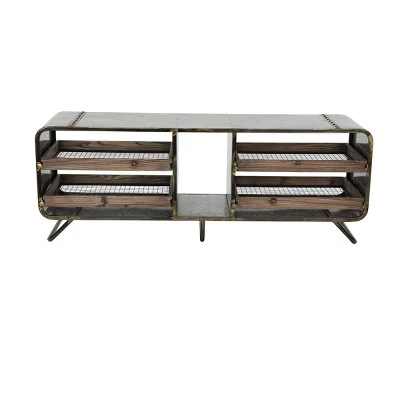 Olivia & May Industrial Storage Bench Gray - Olivia & May 9 Olivia & May Industrial Storage Bench Gray - Olivia & May – Image 7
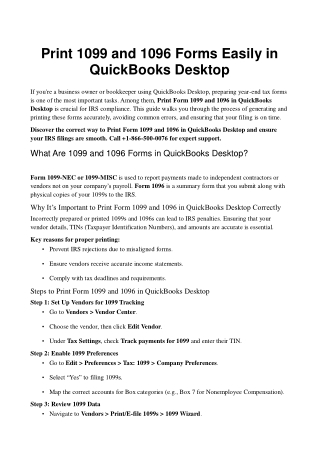 print 1099 and 1096 forms easily in quickbooks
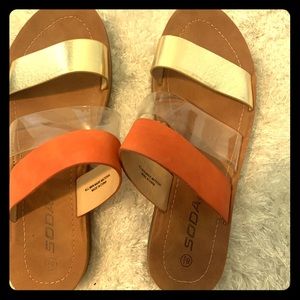 Orange and gold sandals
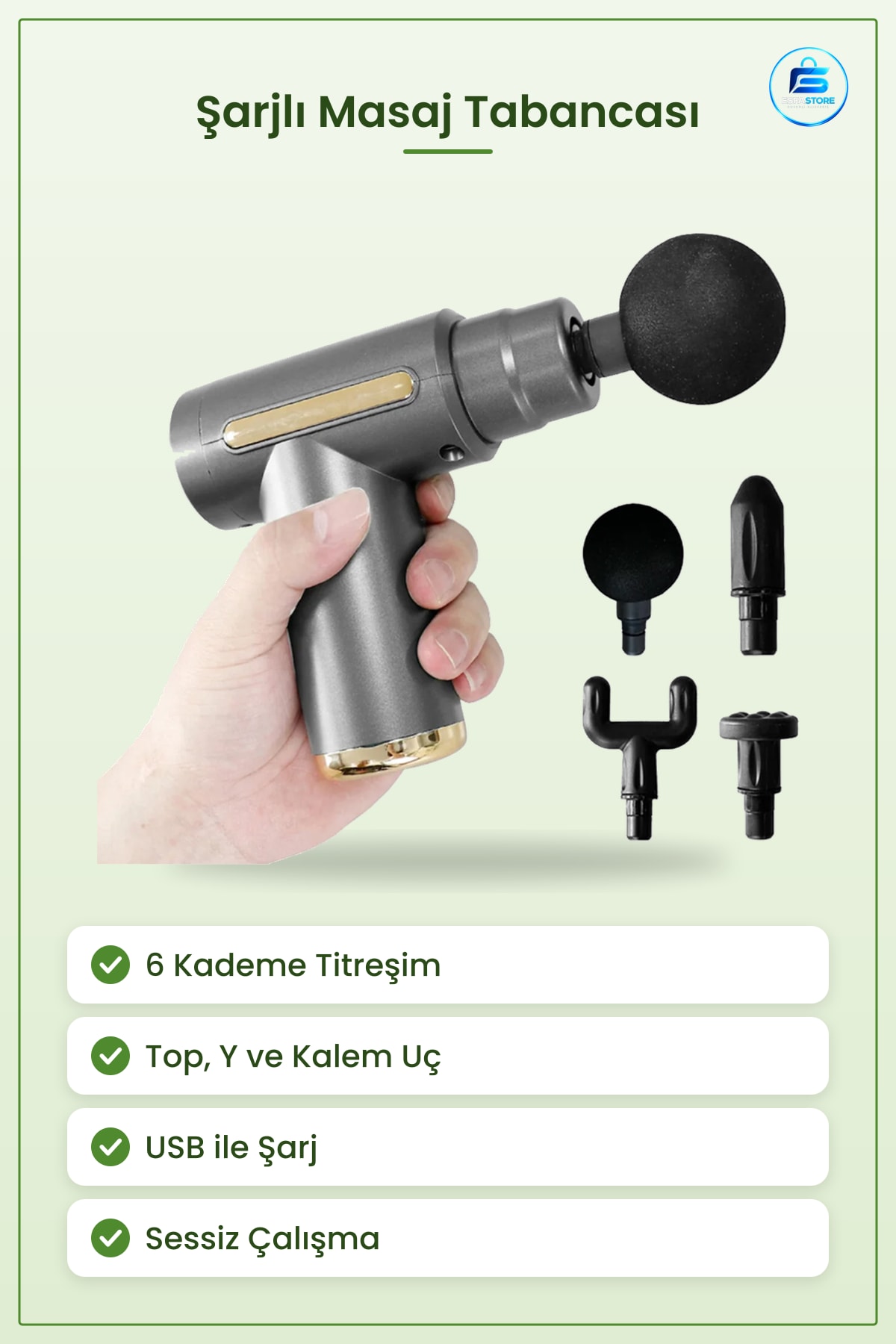 Şarjlı Masaj Tabancası 6 Kademe Kas Aleti Derin Doku Çoklu Uç Taşınabilir Sessiz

- - -

Work instruction: Could you restate exactly the lines from the line containing "Orange and gold sandals" through the end of the listing, both ends included and nothing else, leaving the images out?

Your solution:
 Orange and gold sandals
 Şarjlı Masaj Tabancası 6 Kademe Kas Aleti Derin Doku Çoklu Uç Taşınabilir Sessiz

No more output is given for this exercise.